Burke is scheduled to have a hearing later this month to appeal her demotion from the rank of captain to lieutenant, as well as a 20-day suspension.
Fire Chief Marvin Riggins, who also testified during the hearing, said White had an opportunity not to participate in the prank.
White violated city performance and conduct regulations and fire department guidelines concerning hazing and weapons at work, Riggins said.
White argued that he didn’t have anything to do with planning the prank or anything to do with the BB gun used in the hoax.
No one physically touched the rookie firefighters who were targeted in the prank, he said.
Firefighter Christopher Hughes testified at the hearing and confirmed that White didn’t participate in planning the prank or procuring the BB gun or firecracker used to simulate gunfire. Hughes has admitted that he brought the BB gun and lit a firecracker during the prank.
White said his part in the prank was falling to the floor and appearing scared.
Riggins played a video of the prank, posted to the YouTube website, during the hearing and identified White as one of the firefighters at the bottom of the screen. He was shown on the floor beside Burke and wearing blue coveralls.
White argued that it’s unfair that he was suspended for 10 days, the same punishment imposed on firefighter Christopher Houston, who came to the station while off duty with ketchup on a white shirt and pretended that he was hurt.
Houston didn’t appeal his punishment.
Riggins said White’s punishment was tailored to his actions. He characterized Houston’s part in the prank as that of an actor and said it was similar to White’s playing the part of a scared firefighter.
Robert Herndon, the administrative law judge who presided at the hearing, is scheduled to issue a written decision within 10 working days of receiving a transcript from Thursday’s hearing.

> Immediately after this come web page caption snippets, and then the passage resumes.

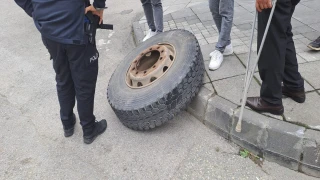 Araklı'da Korku Dolu Anlar Tırdan Fırlayan Lastik Dehşet Saçtı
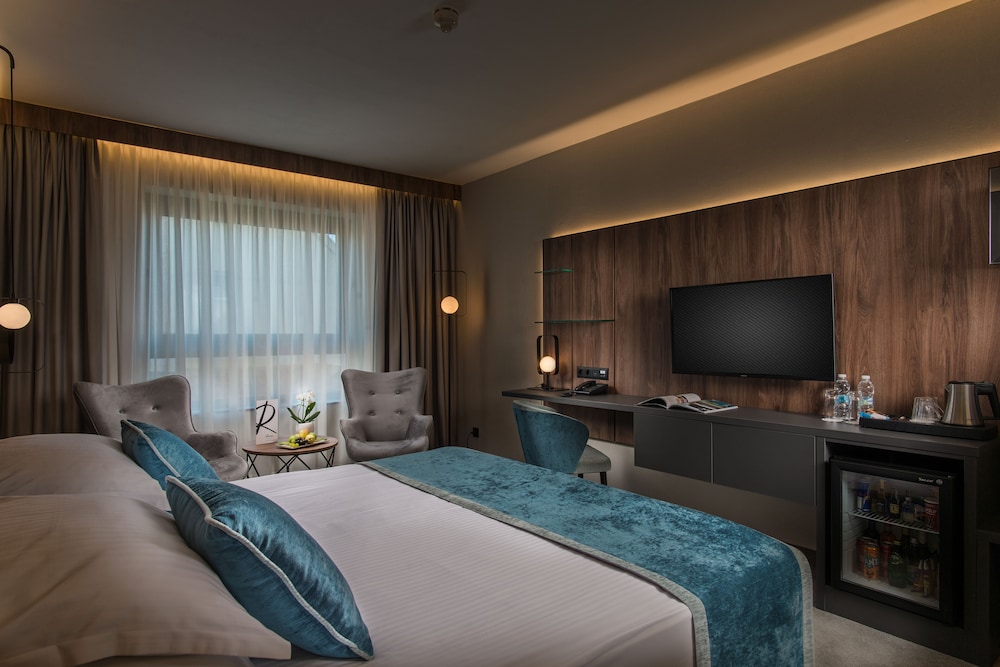 Rosslyn Central Park Hotel — Hotel rooms in Sofia, Sofia (province)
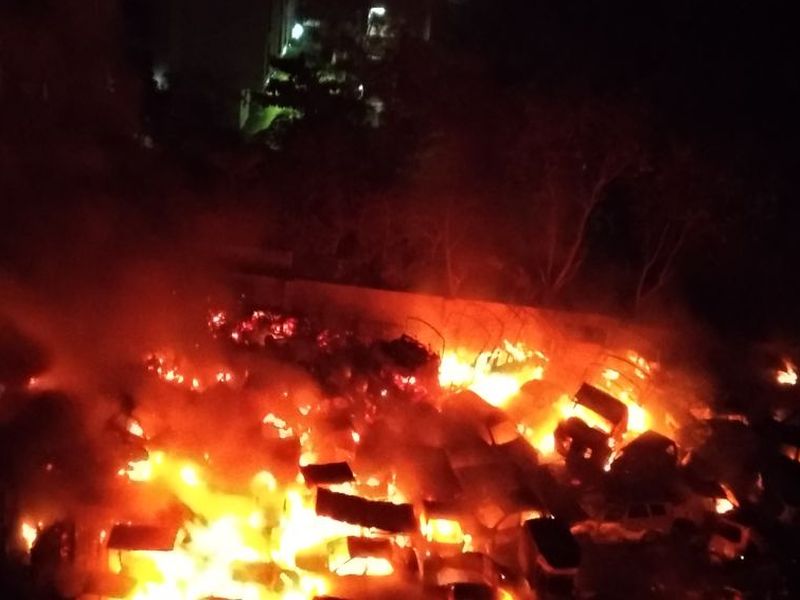 200 vehicles burnt in a fire in Handawadi pune | हांडेवाडीत लागलेल्या आगीत २०० वाहनं जळून खाक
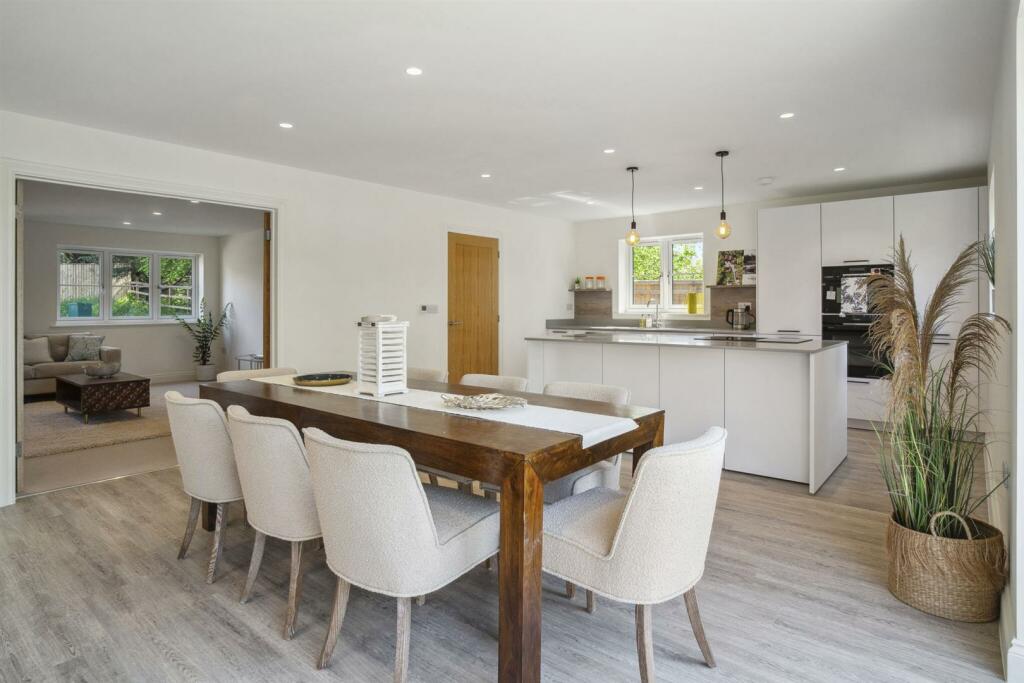69764 4_5 Farm Court (12)_low.jpg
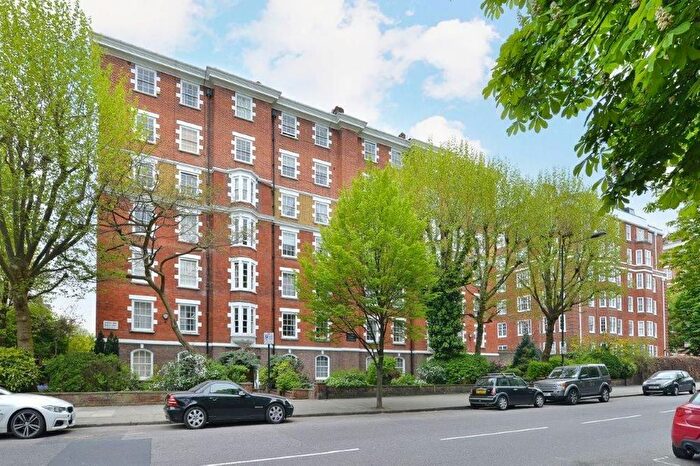3 Bedroom Flat To Rent In Bronwen Court, St John`S Wood, NW8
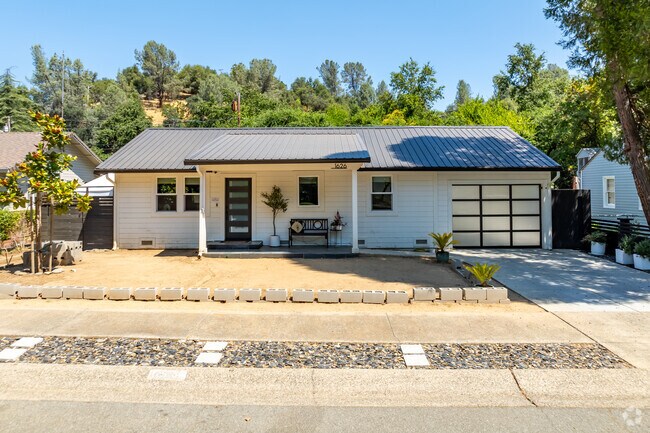 Newly renovated homes can be found in Benton Tract.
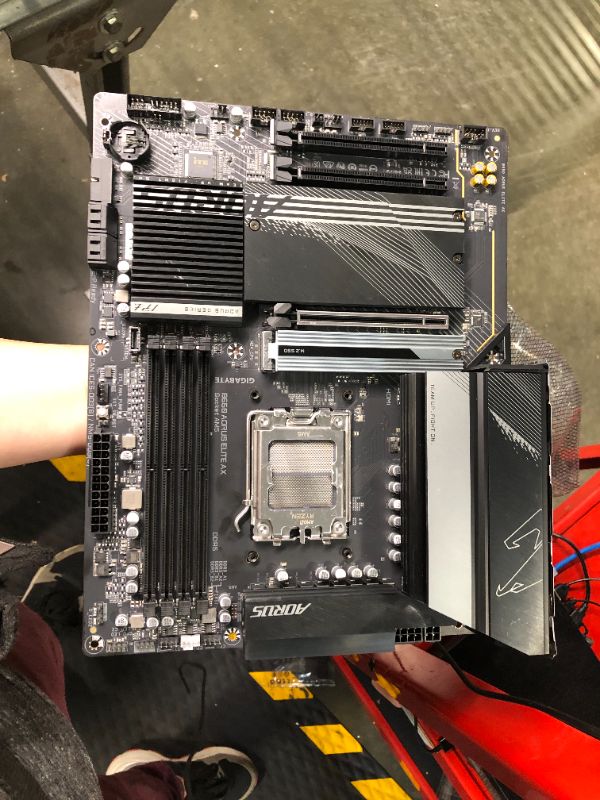 Photo 3 of **SOLD FOR PARTS** GIGABYTE B650 AORUS Elite AX (AM5/ LGA 1718/ AMD B650/ ATX/ 5-Year Warranty/ DDR5/ M.2/ PCIe 5.0/ USB 3.2 Gen2X2 Type-C/WiFi 6E/ 2.5GbE LAN/Q-Flash Plus/EZ-Latch/Gaming Motherboard) **SOLD FOR PARTS**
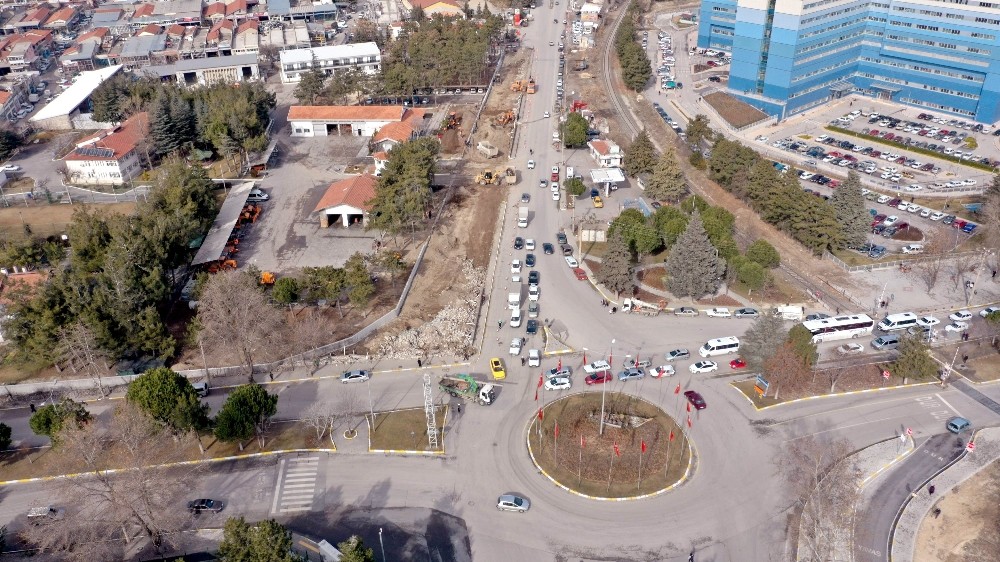 Isparta Karayolları Kavşağı’na belediye neşteri 
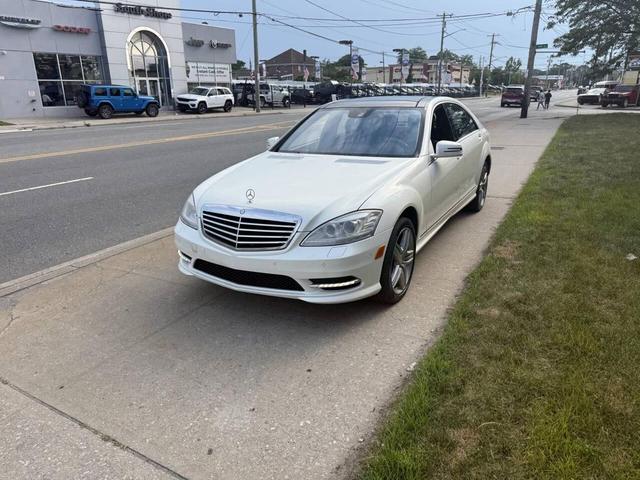 Photo of 2013 White Mercedes-Benz S-Class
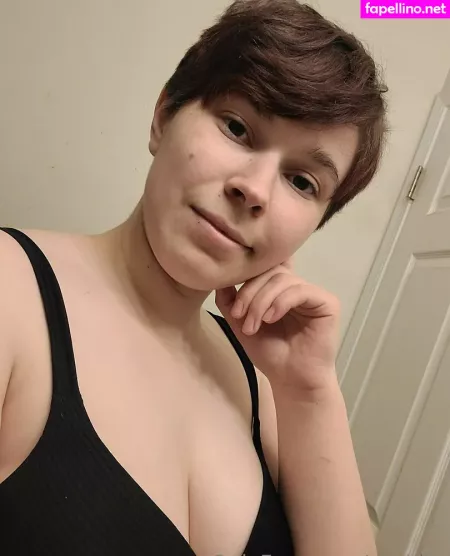 Ccnicky OnlyFans Thumbnail #J6tyBIr0JR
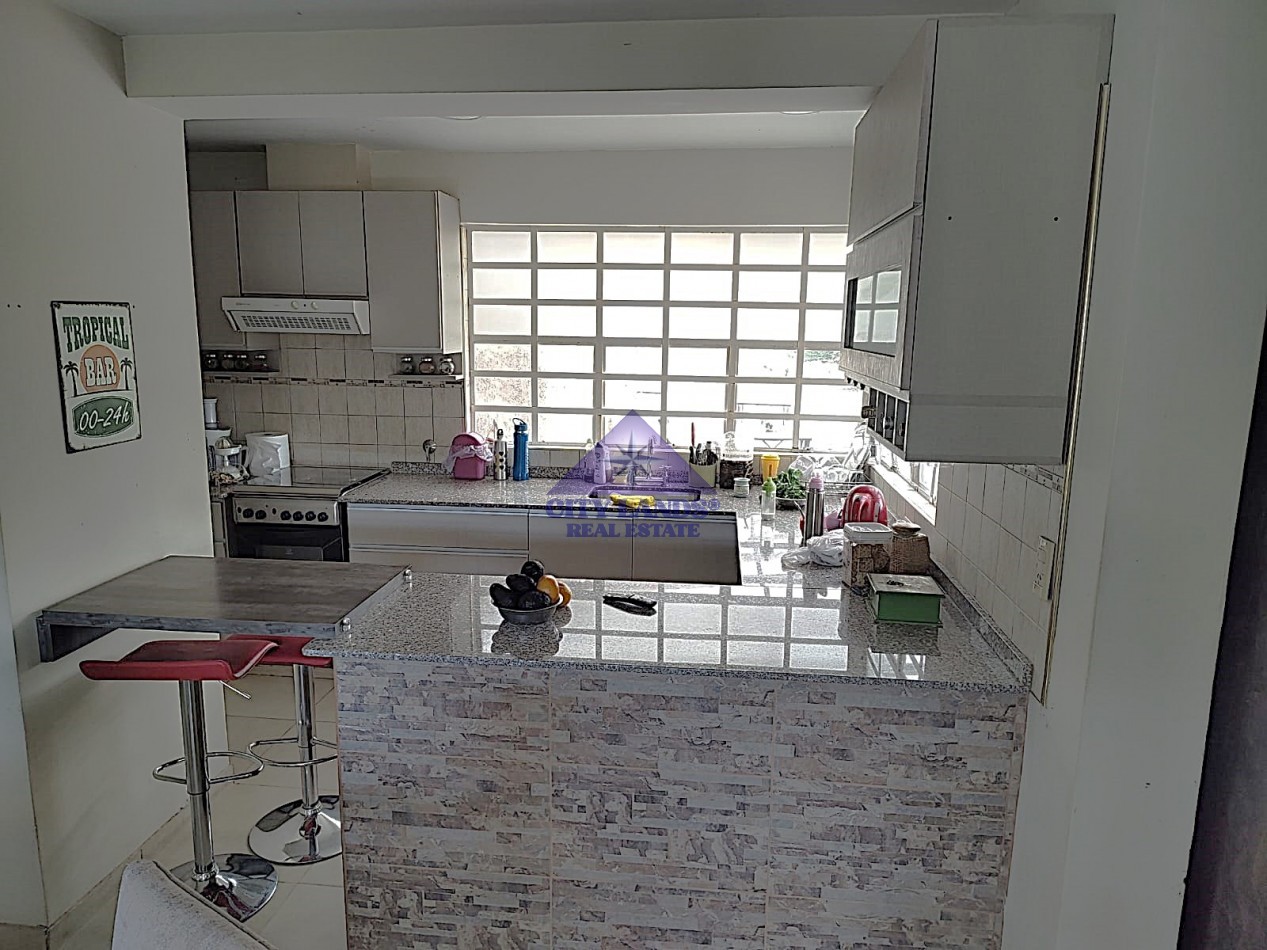 Casa de 3 dormitorios en venta en Perdriel con patio y piscina 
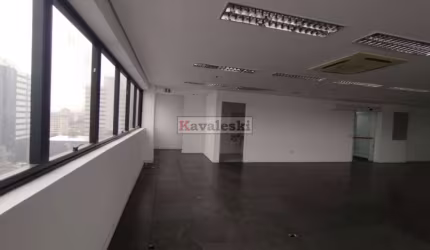 Sala Comercial e 3 banheiros para Alugar, 243 m²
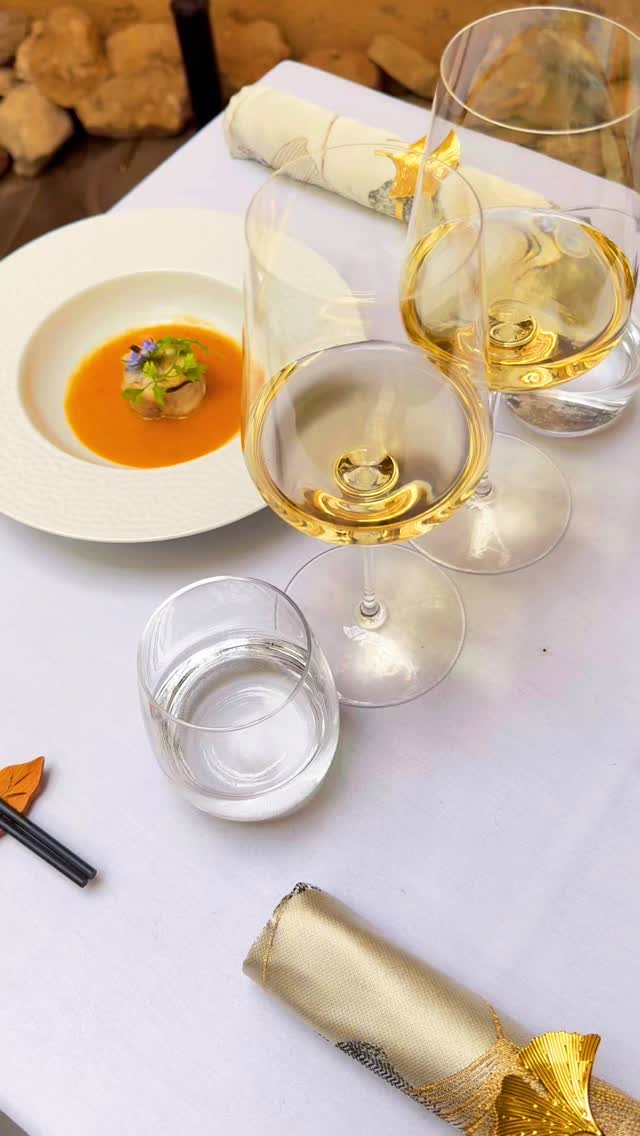 🐟 Cabillaud cuit à base température avec sauce de Yuxiang: une sauce aigre douce à l’ail de Sichuan, légèrement épicé 😋😋
🩵 Réserver: bistrowu.com
#aixmaville #aixenprovence #aix #aixmarseille #aixencommerce #aixoise #restaurantchinois #vin #yuxiang #poisson #vinblanc #shangrila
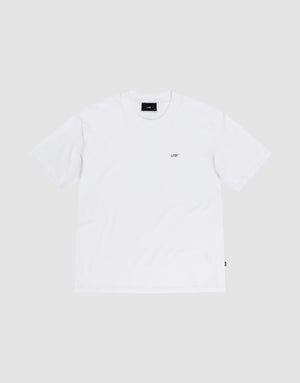 The LIVE FAST DIE YOUNG Basic Chest Tee is a regular fit, short-sleeve white T-shirt made from 100% Baumwolle with a small black UDF logo on the left chest, shown flat on a light gray background. | plain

Transcripts have not been completed for the appeals hearing held Dec. 14 for firefighters Hughes and Joshua Brewer. Herndon also presided at that hearing.
Brewer, the firefighter who recorded the prank and posted a video to YouTube, was suspended for 10 days and demoted to fire private from the rank of sergeant. Hughes was fired.
An attorney representing Hughes and Brewer argued that the two firefighters were punished unfairly because the public became aware of the department’s culture, which has involved such pranks for years. Testimony was presented at the hearing regarding other pranks that didn’t result in comparable punishment.
An attorney representing the city argued the punishment was supported by substantial evidence.